Which brings us to Ilhan Omar’s case for foreign influence. In February the first term congresswoman from Minnesota marveled at/deplored such influence: “I want to talk about the political influence in this country that says it is OK for people to push for allegiance to a foreign country.” Omar was plainly referrring to the role of the Israel lobby in US political life. She said nothing about Jews. But she has reaped the whirlwind: denounced for allegedly expressing anti-semitic statements by everyone from the Democratic Party leadership to the New York Times and Jake Tapper, because she dared to criticize the role of the lobby in policymaking.

But who has influence? The House of Representatives just passed by an overwhelming margin a resolution championed by AIPAC that denounced the Boycott, Divestment and Sanctions (BDS) campaign targeting Israel as a bigoted undertaking based on “principles of collective guilt, mass punishment, and group isolation.”

This is just what Netanyahu told Hillary Clinton the U.S. should do, three years ago, per Wikileaks. when Hillary was promising AIPAC that she would take the US-Israel relationship to the “next level.” Netanyahu told a Clinton aide:

“On BDS, Israel should move from the defense to the offense. It should be attacked on moral grounds. It is ‘unjust’ and ‘cruel.’ Israel must attack its attackers. The best defense is a good offense: ‘attack, attack, attack.’”

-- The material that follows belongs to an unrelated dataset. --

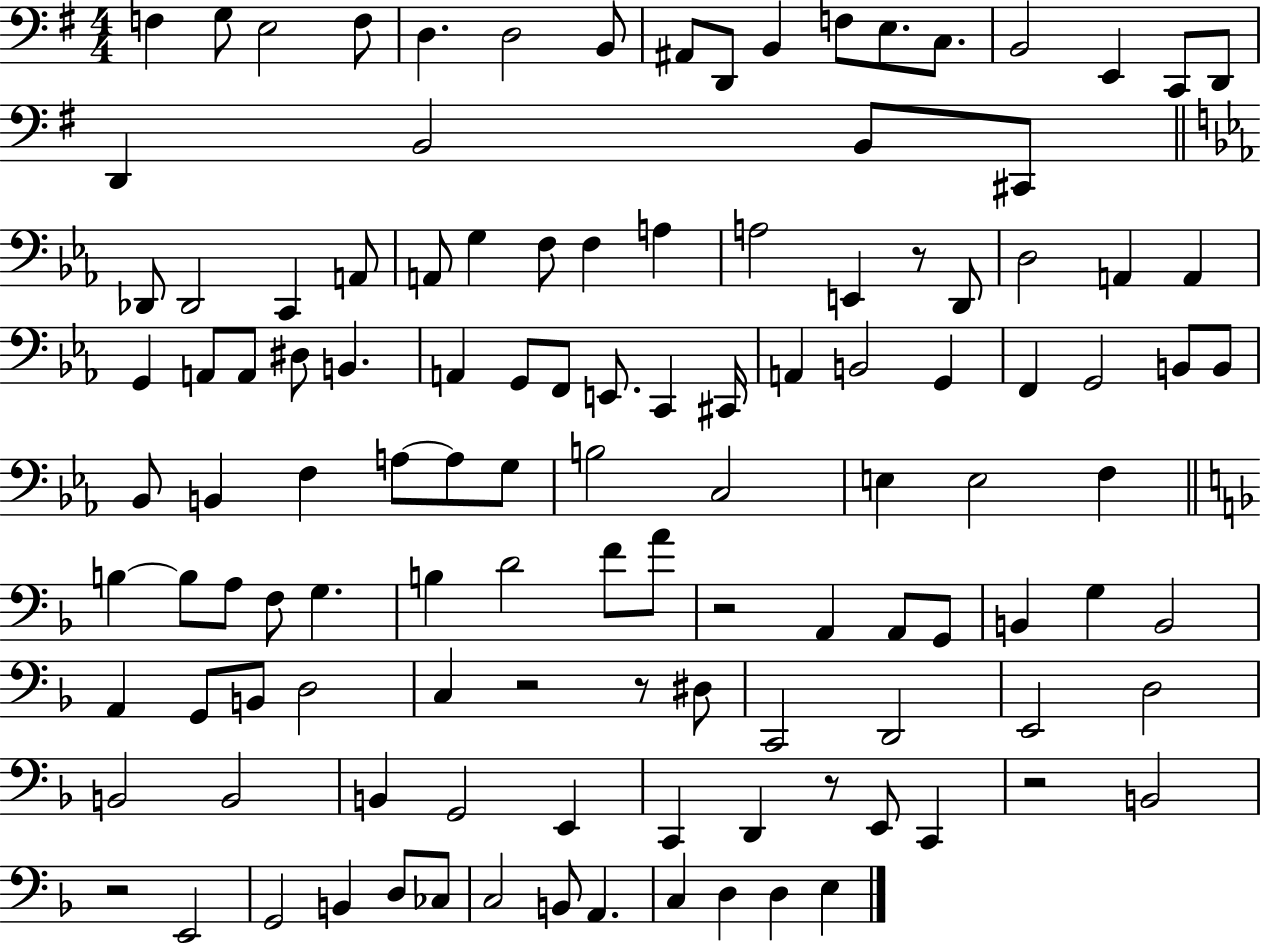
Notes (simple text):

F3/q G3/e E3/h F3/e D3/q. D3/h B2/e A#2/e D2/e B2/q F3/e E3/e. C3/e. B2/h E2/q C2/e D2/e D2/q B2/h B2/e C#2/e Db2/e Db2/h C2/q A2/e A2/e G3/q F3/e F3/q A3/q A3/h E2/q R/e D2/e D3/h A2/q A2/q G2/q A2/e A2/e D#3/e B2/q. A2/q G2/e F2/e E2/e. C2/q C#2/s A2/q B2/h G2/q F2/q G2/h B2/e B2/e Bb2/e B2/q F3/q A3/e A3/e G3/e B3/h C3/h E3/q E3/h F3/q B3/q B3/e A3/e F3/e G3/q. B3/q D4/h F4/e A4/e R/h A2/q A2/e G2/e B2/q G3/q B2/h A2/q G2/e B2/e D3/h C3/q R/h R/e D#3/e C2/h D2/h E2/h D3/h B2/h B2/h B2/q G2/h E2/q C2/q D2/q R/e E2/e C2/q R/h B2/h R/h E2/h G2/h B2/q D3/e CES3/e C3/h B2/e A2/q. C3/q D3/q D3/q E3/q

Twenty-seven states have passed anti-BDS legislation. And yesterday after the House passed its resolution— which said that US relations with Israel should only get stronger — Netanyahu promptly celebrated the American government’s dedication to his country. Remember this is the leader who once bragged that “America is a thing you can move very easily.” At that time Netanyahu also urged Congress to invade Iraq.  Netanyahu assured Congress that Saddam was trying to get nuclear weapons, and great things would come of a war:

If you take out Saddam, Saddam’s regime, I guarantee you that it will have enormous positive reverberations on the region

AIPAC also pushed that war.

Of course no one talks about Israel’s influence. That’s verboten. You get labeled an anti-semite for endorsing a theory of international Jewish influence, an “ancient trope” of Jew hatred, as the New York Times says virtually every time it mentions Ilhan Omar.

So we are supposed to ignore the fact that Donald Trump’s biggest contributor, who owns an Israeli newspaper and says he wished he’d been in the Israeli army not the US one, called for the embassy move to Jerusalem, the withdrawal from the Iran deal, and the hiring of John Bolton. Sheldon Adelson has more power than the secretary of state

Democrats are also desperate to hold on to pro-Israel donors, notably Haim Saban, who was born in Egypt, raised in Israel, and is an ardent Zionist.

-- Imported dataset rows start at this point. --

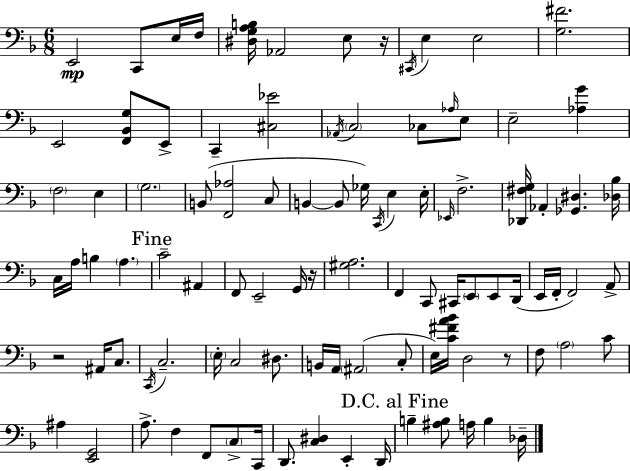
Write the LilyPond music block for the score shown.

{
  \clef bass
  \numericTimeSignature
  \time 6/8
  \key d \minor
  e,2\mp c,8 e16 f16 | <dis g a b>16 aes,2 e8 r16 | \acciaccatura { cis,16 } e4 e2 | <g fis'>2. | \break e,2 <f, bes, g>8 e,8-> | c,4-- <cis ees'>2 | \acciaccatura { aes,16 } \parenthesize c2 ces8 | \grace { aes16 } e8 e2-- <aes g'>4 | \break \parenthesize f2 e4 | \parenthesize g2. | b,8( <f, aes>2 | c8 b,4~~ b,8 ges16) \acciaccatura { c,16 } e4 | \break e16-. \grace { ees,16 } f2.-> | <des, fis g>16 aes,4-. <ges, dis>4. | <des bes>16 c16 a16 b4 \parenthesize a4. | \mark "Fine" c'2-- | \break ais,4 f,8 e,2-- | g,16 r16 <gis a>2. | f,4 c,8 cis,16 | \parenthesize e,8 e,8 d,16( e,16 f,16-. f,2) | \break a,8-> r2 | ais,16 c8. \acciaccatura { c,16 } c2.-- | \parenthesize e16-. c2 | dis8. b,16 a,16 \parenthesize ais,2( | \break c8-. e16) <c' fis' a' bes'>16 d2 | r8 f8 \parenthesize a2 | c'8 ais4 <e, g,>2 | a8.-> f4 | \break f,8 \parenthesize c8-> c,16 d,8. <c dis>4 | e,4-. d,16 \mark "D.C. al Fine" b4-- <ais b>8 | a16 b4 des16-- \bar "|."
}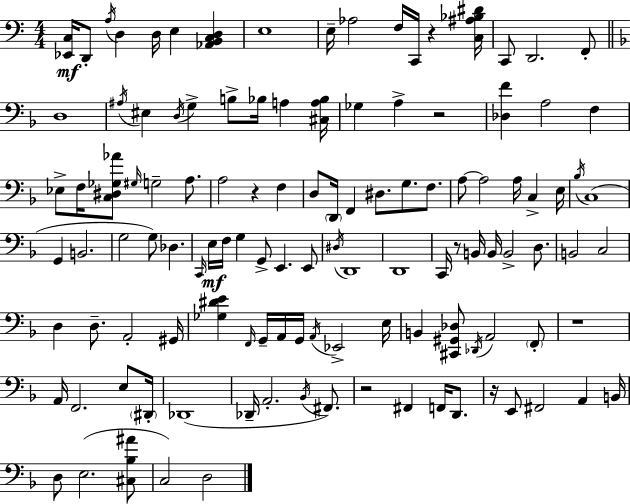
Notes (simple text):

[Eb2,C3]/s D2/e A3/s D3/q D3/s E3/q [Ab2,B2,C3,D3]/q E3/w E3/s Ab3/h F3/s C2/s R/q [C3,A#3,Bb3,D#4]/s C2/e D2/h. F2/e D3/w A#3/s EIS3/q D3/s G3/q B3/e Bb3/s A3/q [C#3,A3,Bb3]/s Gb3/q A3/q R/h [Db3,F4]/q A3/h F3/q Eb3/e F3/s [C3,D#3,Gb3,Ab4]/e G#3/s G3/h A3/e. A3/h R/q F3/q D3/e D2/s F2/q D#3/e. G3/e. F3/e. A3/e A3/h A3/s C3/q E3/s Bb3/s C3/w G2/q B2/h. G3/h G3/e Db3/q. C2/s E3/s F3/s G3/q G2/e E2/q. E2/e D#3/s D2/w D2/w C2/s R/e B2/s B2/s B2/h D3/e. B2/h C3/h D3/q D3/e. A2/h G#2/s [Gb3,D#4,E4]/q F2/s G2/s A2/s G2/s A2/s Eb2/h E3/s B2/q [C#2,G#2,Db3]/e Db2/s A2/h F2/e R/w A2/s F2/h. E3/e D#2/s Db2/w Db2/s A2/h. Bb2/s F#2/e. R/h F#2/q F2/s D2/e. R/s E2/e F#2/h A2/q B2/s D3/e E3/h. [C#3,Bb3,A#4]/e C3/h D3/h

“Gosh, imagine the Russians having the power over Congress that the lobby has,” Donald Johnson writes to me. “Imagine a wildly lopsided Congressional vote condemning a grassroots campaign for human rights in Russia. Trump, contrary to liberal fantasies, has done things that Putin doesn’t want, including opposing a pipeline to Germany from Russia. He has given Israel almost everything it wants except an actual US war against Iran.”

Both political parties are anti-Russia. But if you’re anti-Israel it’s political death. That explains the pressure brought to bear on progressive Democrats to support the anti-BDS legislation. Ro Khanna and Ayanna Pressley were surely told that if they opposed the anti-boycott resolution they were playing into the hands of Donald Trump in 2020. Because he is going to continue to say that the Democrats are anti-Israel so as to peel away Zionist supporters.

Khanna and Pressley’s efforts to justify their support for Israel on social media have been flimsy. Pressley cited her “solidarity” with Jewish families:

What I heard resounding in community was that voting yes on this resolution affirmed to my constituents raised in the Jewish faith Israel’s right to exist…

Pressley’s collapse reminded me of what Barney Frank, the former congressman from a neighboring Boston-area district, once told the anti-occupation activist Jeff Halper after a tour of the settlements gobbling up East Jerusalem and destroying any idea of Palestinian sovereignty. Halper says Frank challenged him:

“Bring me the names of 5000 Jews in my district that support you… If you can’t do that…. I’m not going to commit political suicide for the sake of the Palestinians… “

Ayanna Pressley stuck with that pro-Israel Jewish community this week.

The tragedy is that there is still no real force in American politics for Palestinian human rights. Politicians are allowed to say the most racist things about Palestinians, and the media can run endless justifications for massacring unarmed Palestinian demonstrators, and– there are no consequences. No, you only get ahead that way…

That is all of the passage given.